In order to test for potential diversifying regulatory effects of the MER4A insertion on GSTO1, we compared tissue-specific expression patterns between human and mouse GSTO1 and GSTO2 orthologs as well as between human GSTO1 and GSTO2 paralogs using microarray data from the Novartis Gene Expression Atlas version 2 (GNF2) (Su et al., 2004). The human–mouse GSTO1 orthologous pair has a low (r=−0.06), which is not significantly different from 0 (P=0.77) and correlation of expression levels across tissues as does the human GSTO1–GSTO2 paralogous pair (r=0.006; P=0.98) (Supplementary Fig. 2). On the other hand, the human and mouse GSTO2 orthologous genes, which lack the alternative MER4A promoter, have significantly correlated expression patterns (r=0.76; P=2.2e−6). These patterns of expression divergence and conservation are consistent with variation in expression introduced by the MER4A-TSS. In all, 37 out of 40 evaluated cases of human genes with ERV-TSS have expression patterns that are not significantly correlated with their mouse orthologs that lack the upstream ERV (Supplementary Fig. 3).

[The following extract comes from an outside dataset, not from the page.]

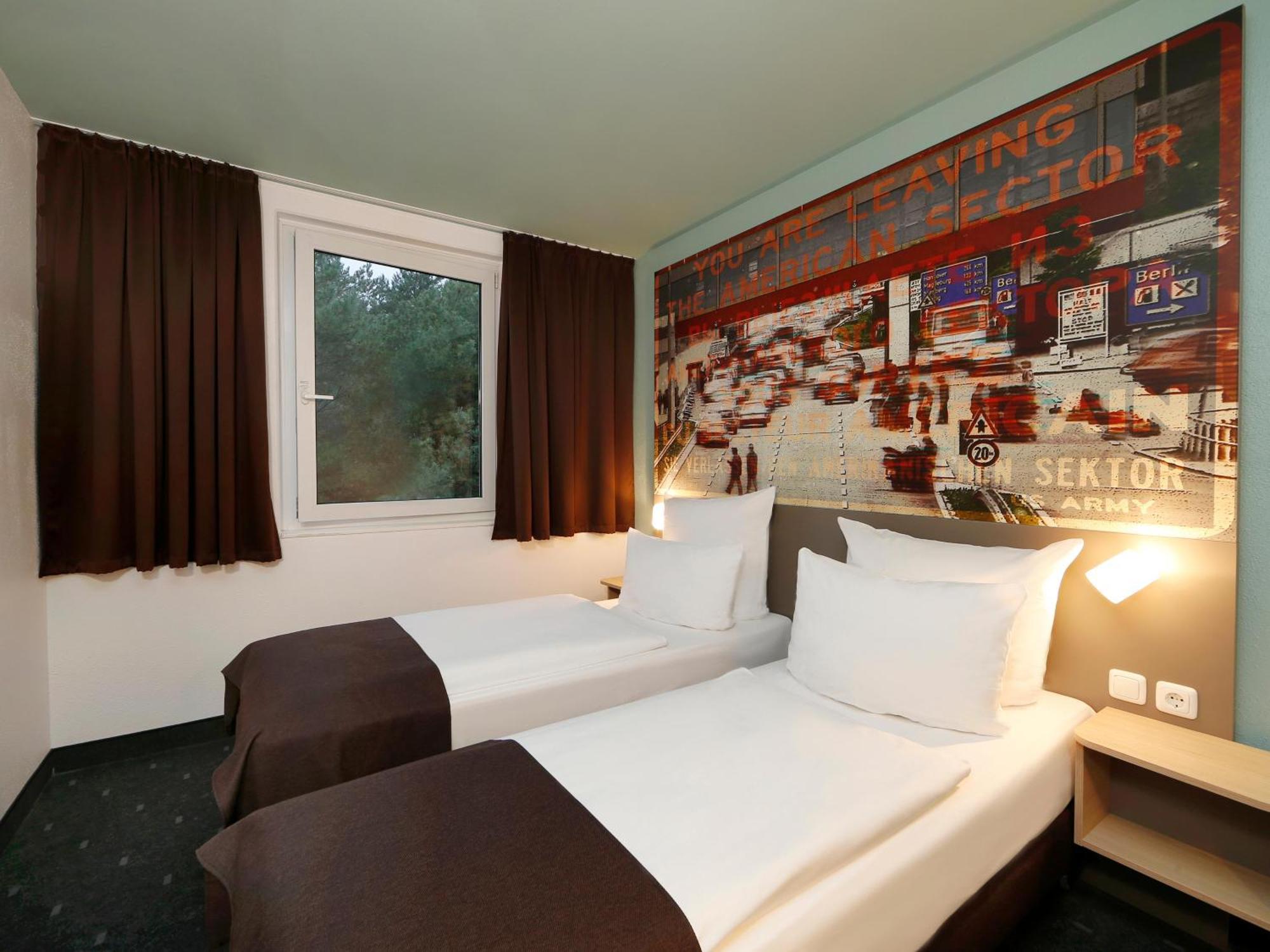B&B Hotel Berlin-Dreilinden Kleinmachnow Eksteriør bilde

We further evaluated the potential regulatory effects of human ERV-derived promoters by comparing the expression patterns of all human genes with ERV promoters versus genes without ERV promoters using the GNF2 data. Human genes with ERV-TSS have greater tissue specificity than genes lacking ERV promoters, consistent with a diversifying regulatory effect of ERV-TSS (Supplementary Table 2). In particular, ERV-TSS containing genes have anomalously high levels of expression, on average, in brain and testis (Supplementary Figs 4 and 5). A similar pattern of significantly elevated expression in brain and testis was found for ERV CAGE tags (Supplementary Fig. 6). Consistent with the brain-specific expression pattern of ERV-TSS genes, GO functional analysis indicated that these genes are enriched for metabolic and signaling processes active in the brain (Supplementary Table 3 and Supplementary Fig. 7).

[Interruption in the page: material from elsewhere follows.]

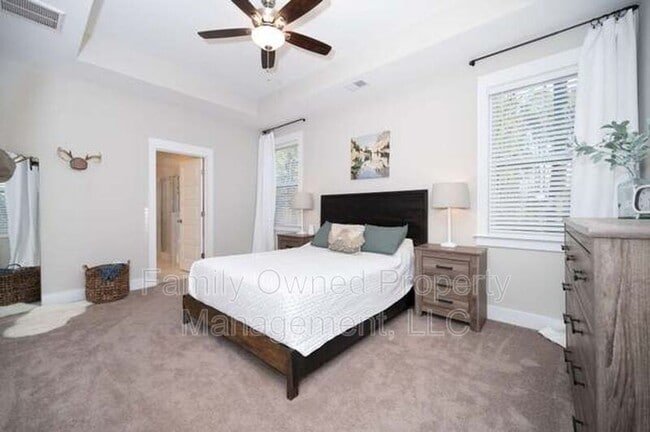 Building Photo - 225 Whirlaway Dr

Our analysis revealed that retroviral sequences in the human genome encode tens-of-thousands of active promoters; transcribed ERV sequences correspond to 1.16% of the human genome sequence and PET tags that capture transcripts initiated from ERVs cover 22.4% of the genome. These data suggest that ERVs may regulate human transcription on a large scale. However, it is a formal possibility that many of the ERV derived promoters identified here represent leaky transcription, i.e. noise, which is not functionally significant. Definitive proof of biological activity for individual ERV-TSS may have to await experimental confirmation via knock-out data or promoter swapping. However, it will soon be possible to validate ERV-TSS on a genome-scale owing to the accumulation of high-throughput data from tiling array experiments based on ChIP-chip and/or chromatin structure assays. Such data, which are being generated by the (ENCODE Project Consortium, 2007), measure the distributions of regulatory signatures across genomic sequence. The presence and density of regulatory signals, such as transcription factor binding sites and open or specifically modified chromatin, have been shown to discriminate between biologically active and artifactual TSS and thus could be used to validate ERV-TSS.

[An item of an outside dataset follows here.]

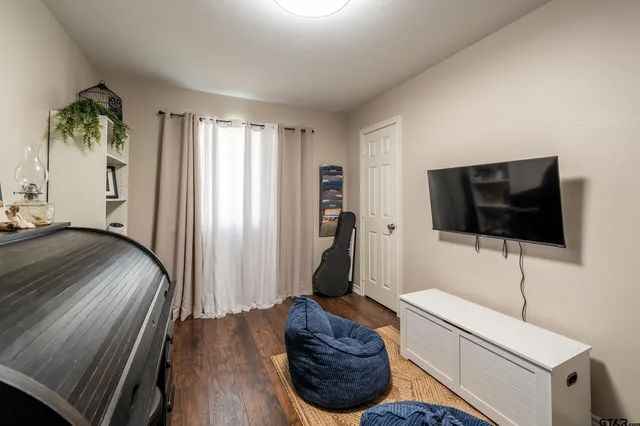 $220,000 | 6962 La Hacienda Drive, Flint, TX 75762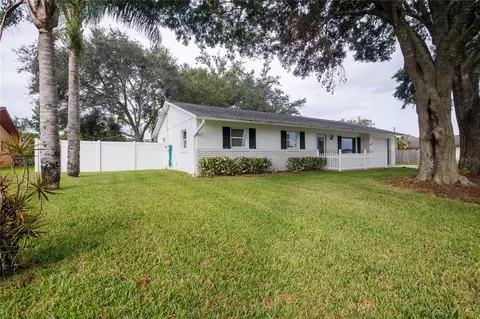 2212 Silver Palm Dr, Edgewater, FL 32141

Our analysis uncovered more than 100 cases of novel ERV-derived promoters that initiate chimeric ERV-human gene transcripts and several thousand more that are likely to do so. ERV-derived promoters are characterized by their ability to promote alternative transcripts that are expressed in a way that is tissue-specific, lineage-specific and distinct from related paralogous genes. These data underscore the extent to which retrovirus activity has shaped the human transcriptome.
Funding: A.B.C. and I.K.J. are supported by the School of Biology, Georgia Institute of Technology. J.P. is supported by the Ministry of Science and Technology of Thailand.
Conflict of Interest: none declared.